*PROMPT*: Transcribe each of the records below exactly, excluding all pictures.

** Opening MATERIAL SUPPLIED block **

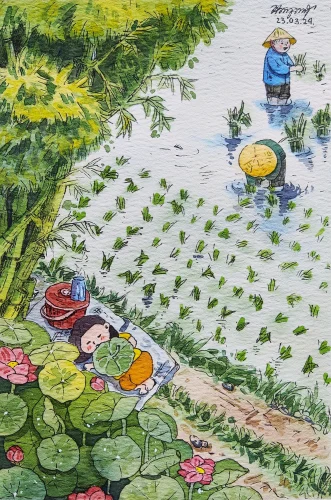 Vẽ tranh quê hương 16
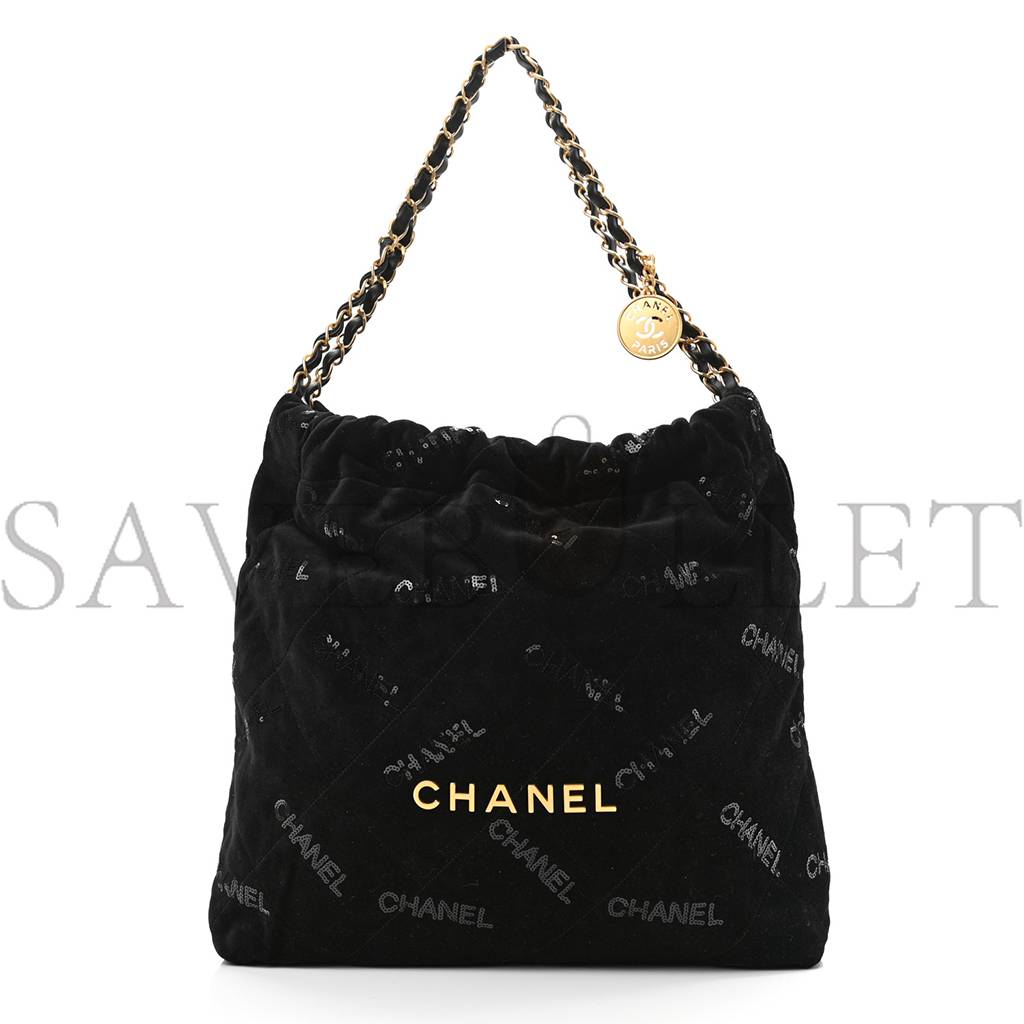 CHANEL VELVET SEQUIN QUILTED CHANEL 22 BLACK GOLD HARDWARE (37*35*7cm) CHANEL VELVET SEQUIN QUILTED CHANEL 22 BLACK GOLD HARDWARE (37*35*7cm)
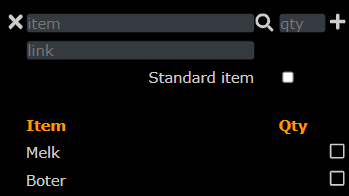 standard items list
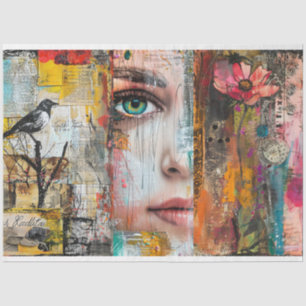 Papier Mousseline Découpage Collage Art Abstrait vintage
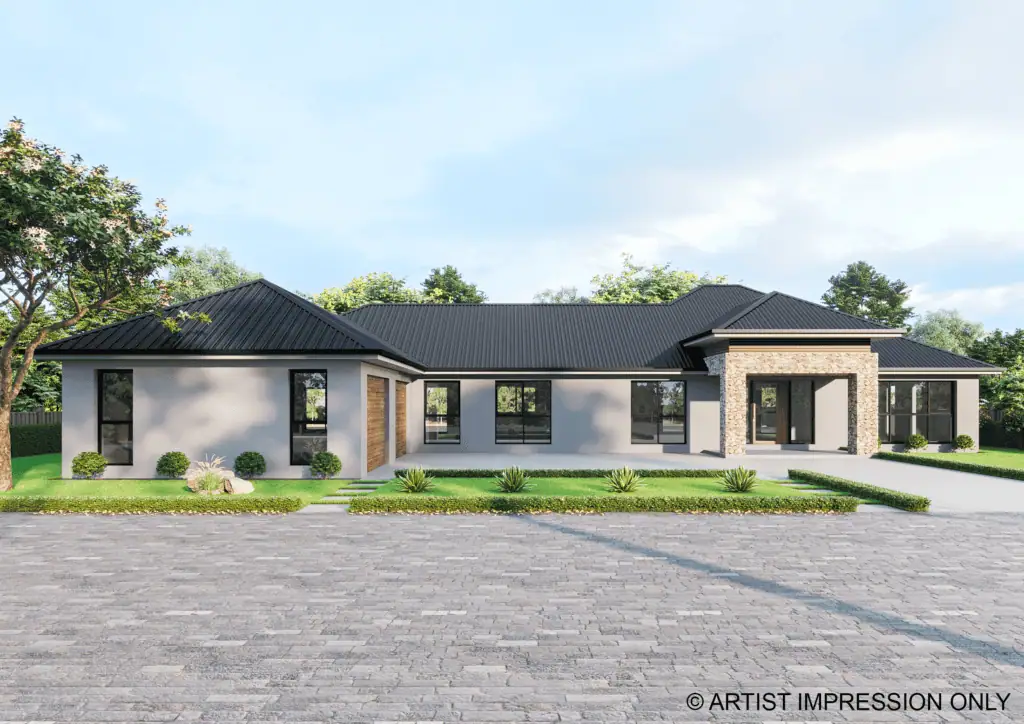 Modern LandGipps Home Design Contemporary single-story house with a black roof, white walls, and large windows, set in a landscaped yard with trees and a paved driveway.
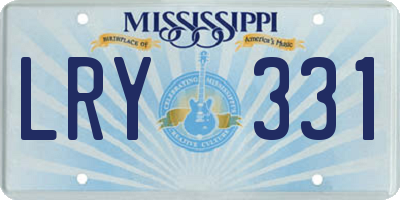 MS license plate LRY331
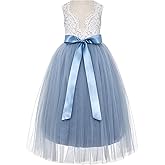 ekidsbridal Scalloped Lace Back Flower Girl Dress Daily Gown Birthday Party Holiday 207R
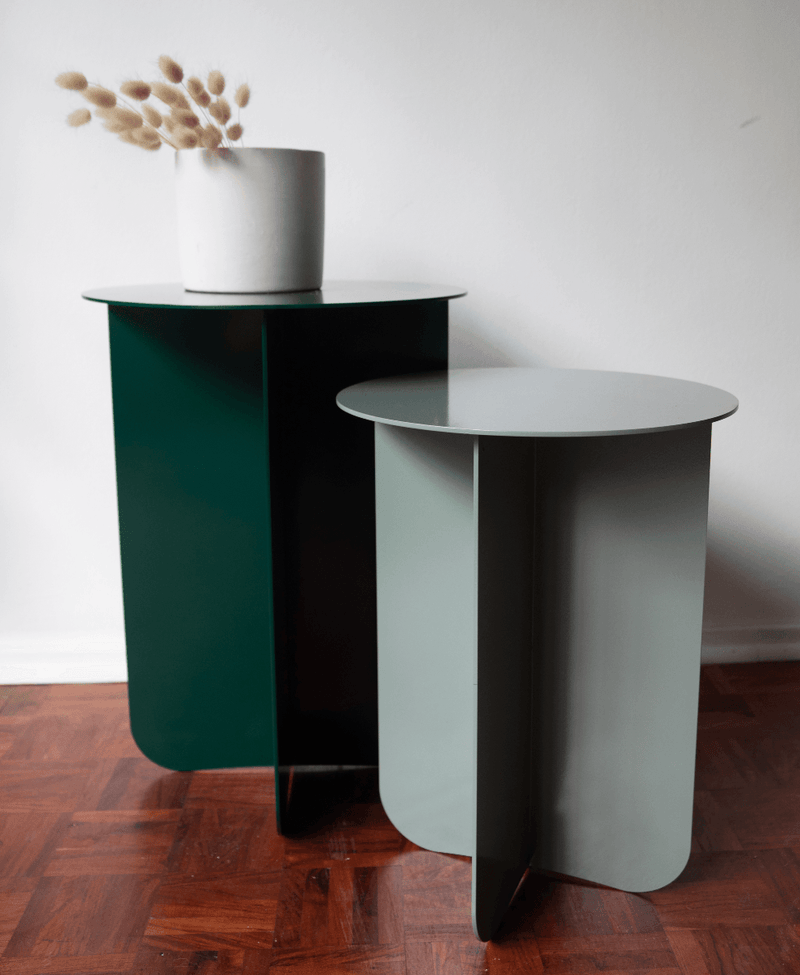 Designer steel side tables. nestinge side tables. occasional tables. side table. coloured nesting table. 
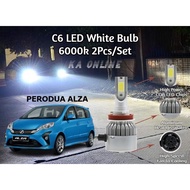 2 Pcs/Set PERODUA ALZA 2014 C6 Car Headlight Foglight Highbeam 6000k White Bulb COD LED Sepasang Mentor Lampu Besar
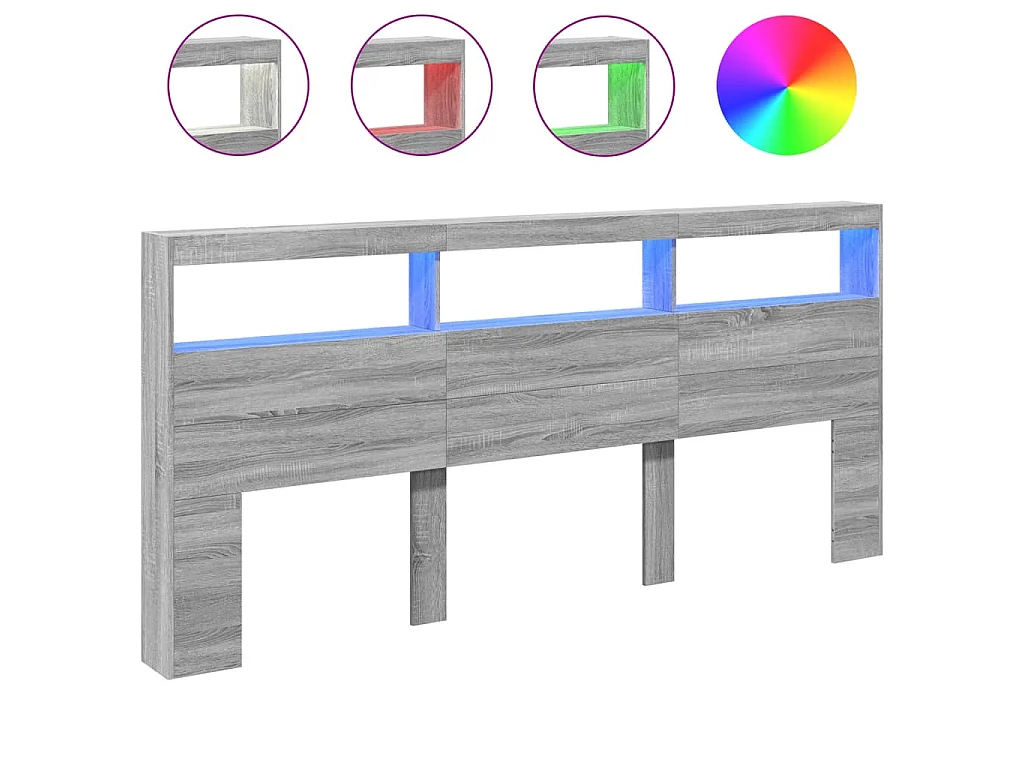 Armoire tête de lit avec LED sonoma gris 220x17x102 cm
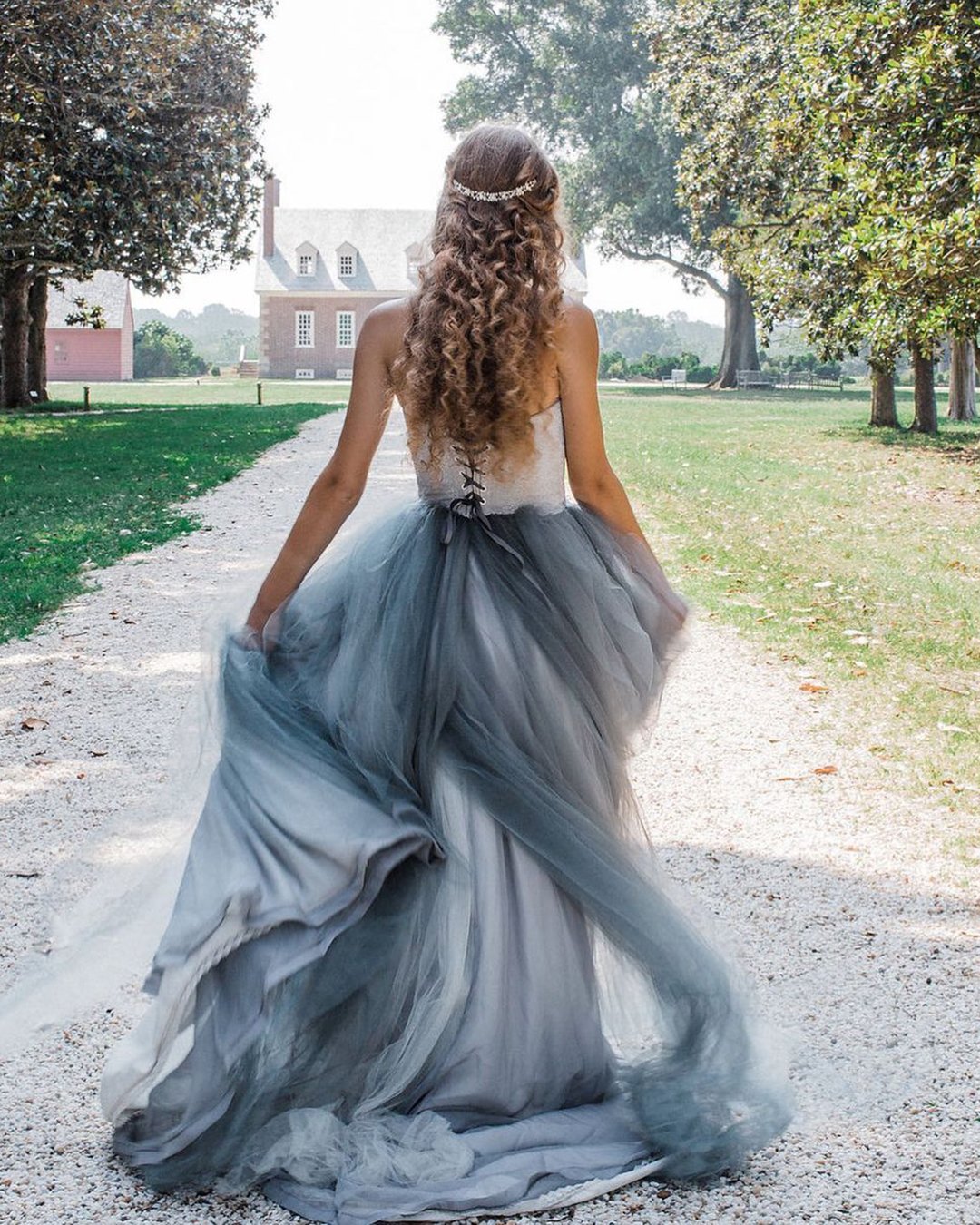 colourful wedding dresses blue with white simple a line frenchknotcouture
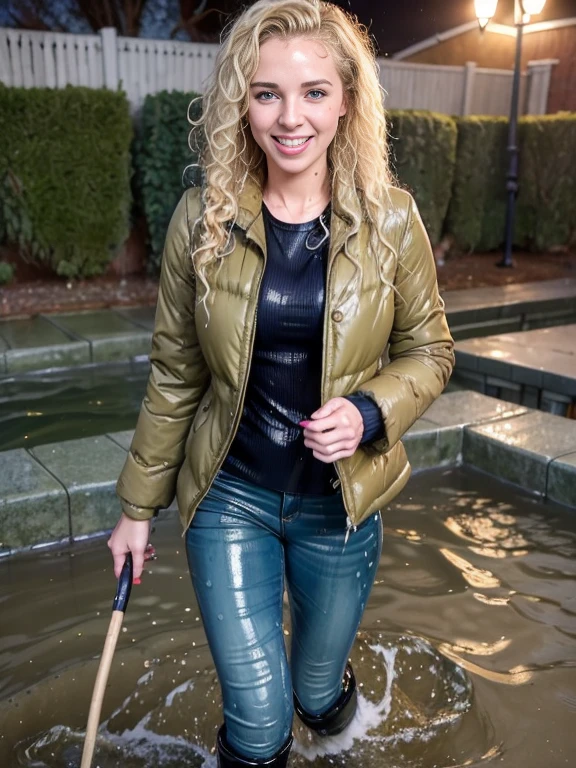 woman outside standing in a pond in (puffy winter coat) and tight sweater and navy blue jeans and stiletto heel boots, ((wet hair)), soaking wet, SoakingWetClothes, (((showboots))), inviting smile,  ((short curly blonde hair)), green eyes, (puffy winter coat is soaking wet), sweater is soaking wet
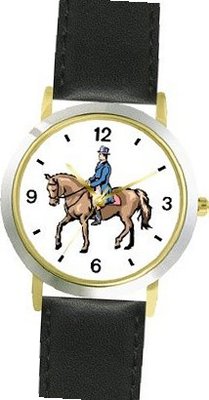 Dressage Horse and Rider Horse - WATCHBUDDY® DELUXE TWO-TONE THEME WATCH - Arabic Numbers - Black Leather Strap-Size-Large ( Size or Jumbo Size )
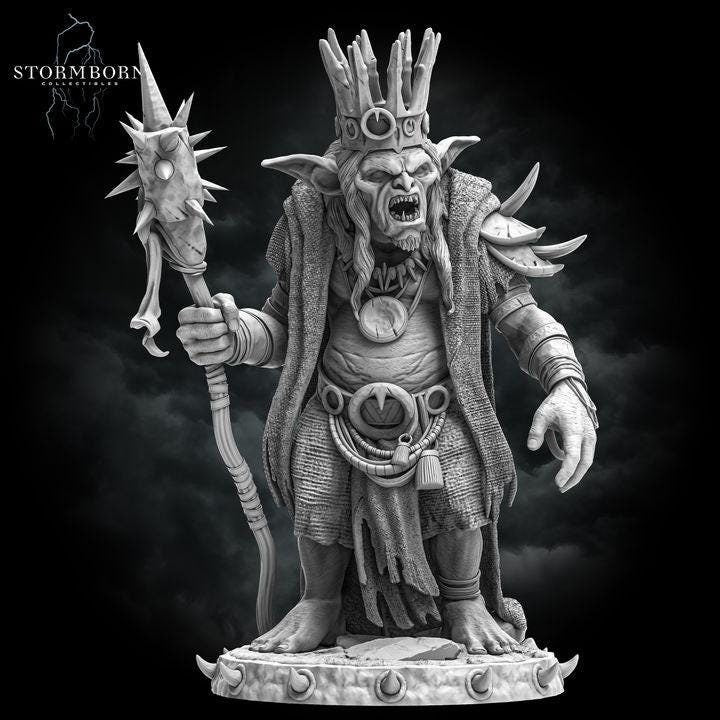 Goblin King, Shaman Wizard, Goblin PC / NPC | 28mm, 32mm,54mm,75mm,100mm Scales | Player Character Mini -D&amp;D 5e Pathfinder Figurine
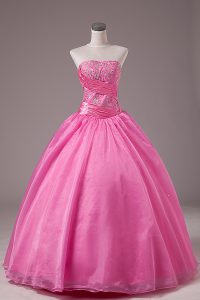 Organza Strapless Sleeveless Lace Up Embroidery 15th Birthday Dress in Rose Pink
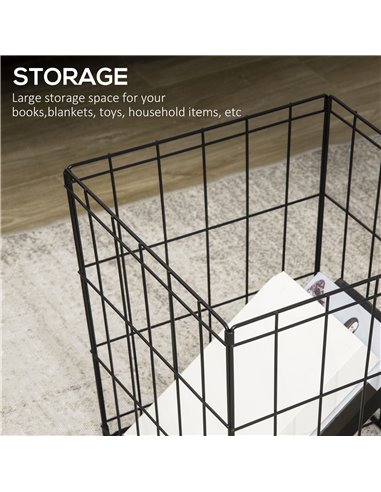HOMCOM Coffee Table Set of 2 with Wire Storage Basket, Faux Marble Top, Black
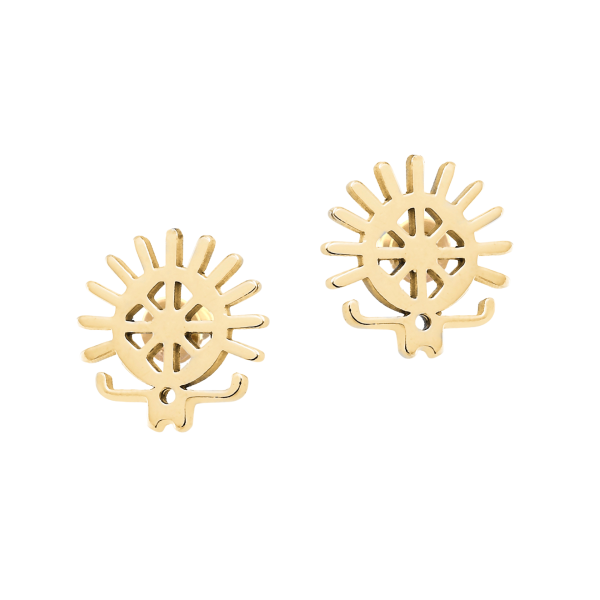 Hitit Güneşi Pimli Küpe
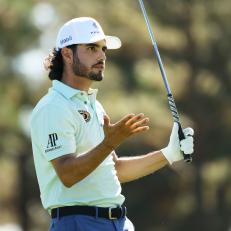 AUGUSTA, GEORGIA - NOVEMBER 13: Abraham Ancer of Mexico reacts on the third hole during the second round of the Masters at Augusta National Golf Club on November 13, 2020 in Augusta, Georgia. (Photo by Patrick Smith/Getty Images)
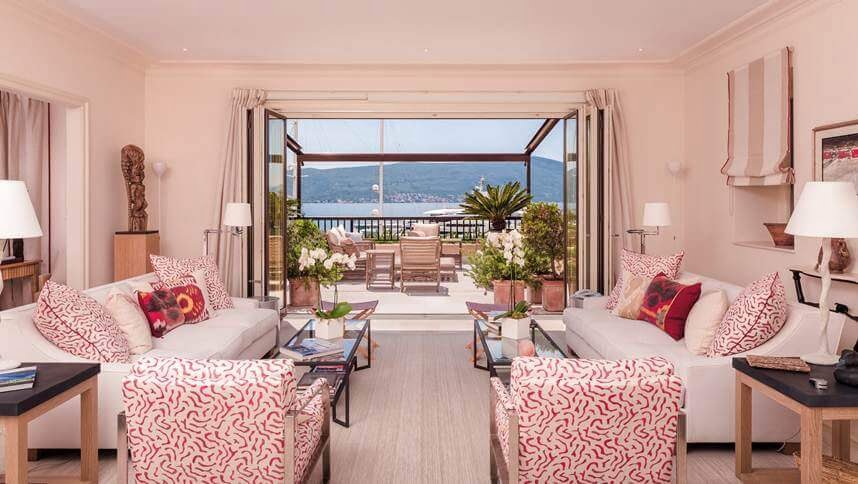 View of luxury pink living room
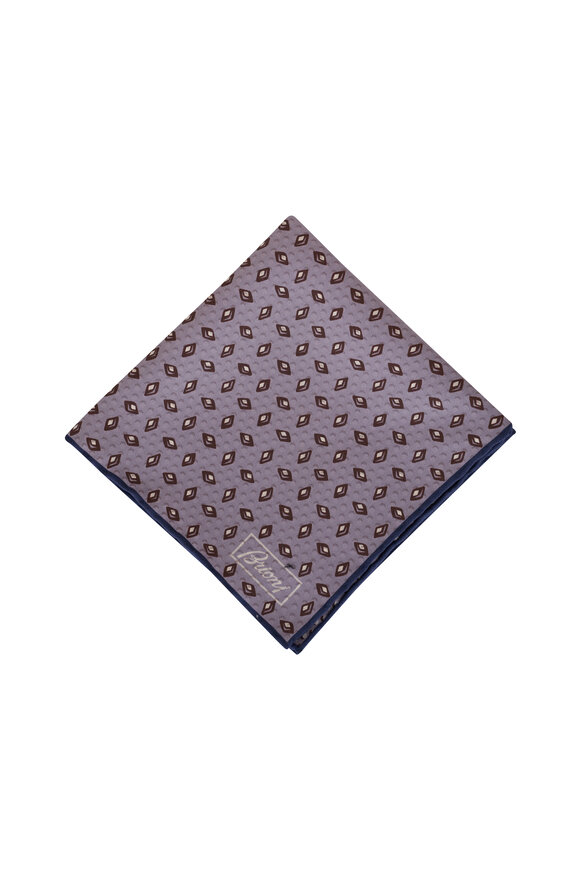 Brioni - Purple Geometric & Dot Reversible Pocket Square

** Closing MATERIAL SUPPLIED block **

*EXERCISE OUTPUT*:
 Vẽ tranh quê hương 16
 CHANEL VELVET SEQUIN QUILTED CHANEL 22 BLACK GOLD HARDWARE (37*35*7cm) CHANEL VELVET SEQUIN QUILTED CHANEL 22 BLACK GOLD HARDWARE (37*35*7cm)
 standard items list
 Papier Mousseline Découpage Collage Art Abstrait vintage
 Modern LandGipps Home Design Contemporary single-story house with a black roof, white walls, and large windows, set in a landscaped yard with trees and a paved driveway.
 MS license plate LRY331
 ekidsbridal Scalloped Lace Back Flower Girl Dress Daily Gown Birthday Party Holiday 207R
 Designer steel side tables. nestinge side tables. occasional tables. side table. coloured nesting table. 
 2 Pcs/Set PERODUA ALZA 2014 C6 Car Headlight Foglight Highbeam 6000k White Bulb COD LED Sepasang Mentor Lampu Besar
 Armoire tête de lit avec LED sonoma gris 220x17x102 cm
 colourful wedding dresses blue with white simple a line frenchknotcouture
 woman outside standing in a pond in (puffy winter coat) and tight sweater and navy blue jeans and stiletto heel boots, ((wet hair)), soaking wet, SoakingWetClothes, (((showboots))), inviting smile,  ((short curly blonde hair)), green eyes, (puffy winter coat is soaking wet), sweater is soaking wet
 Dressage Horse and Rider Horse - WATCHBUDDY® DELUXE TWO-TONE THEME WATCH - Arabic Numbers - Black Leather Strap-Size-Large ( Size or Jumbo Size )
 Goblin King, Shaman Wizard, Goblin PC / NPC | 28mm, 32mm,54mm,75mm,100mm Scales | Player Character Mini -D&amp;D 5e Pathfinder Figurine
 Organza Strapless Sleeveless Lace Up Embroidery 15th Birthday Dress in Rose Pink
HOMCOM Coffee Table Set of 2 with Wire Storage Basket, Faux Marble Top, Black
 Hitit Güneşi Pimli Küpe
 AUGUSTA, GEORGIA - NOVEMBER 13: Abraham Ancer of Mexico reacts on the third hole during the second round of the Masters at Augusta National Golf Club on November 13, 2020 in Augusta, Georgia. (Photo by Patrick Smith/Getty Images)
 View of luxury pink living room
 Brioni - Purple Geometric & Dot Reversible Pocket Square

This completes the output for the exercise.